◆ **What you need to do**
Write the records out again. Match them exactly.

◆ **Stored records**
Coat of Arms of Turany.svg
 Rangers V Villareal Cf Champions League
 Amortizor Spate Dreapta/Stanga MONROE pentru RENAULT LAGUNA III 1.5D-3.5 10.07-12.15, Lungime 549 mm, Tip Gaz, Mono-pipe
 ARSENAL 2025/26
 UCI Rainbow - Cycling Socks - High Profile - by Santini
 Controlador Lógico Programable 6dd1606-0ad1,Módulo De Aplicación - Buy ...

◆ **Result of this exercise**
Coat of Arms of Turany.svg
 Rangers V Villareal Cf Champions League
 Amortizor Spate Dreapta/Stanga MONROE pentru RENAULT LAGUNA III 1.5D-3.5 10.07-12.15, Lungime 549 mm, Tip Gaz, Mono-pipe
 ARSENAL 2025/26
 UCI Rainbow - Cycling Socks - High Profile - by Santini
 Controlador Lógico Programable 6dd1606-0ad1,Módulo De Aplicación - Buy ...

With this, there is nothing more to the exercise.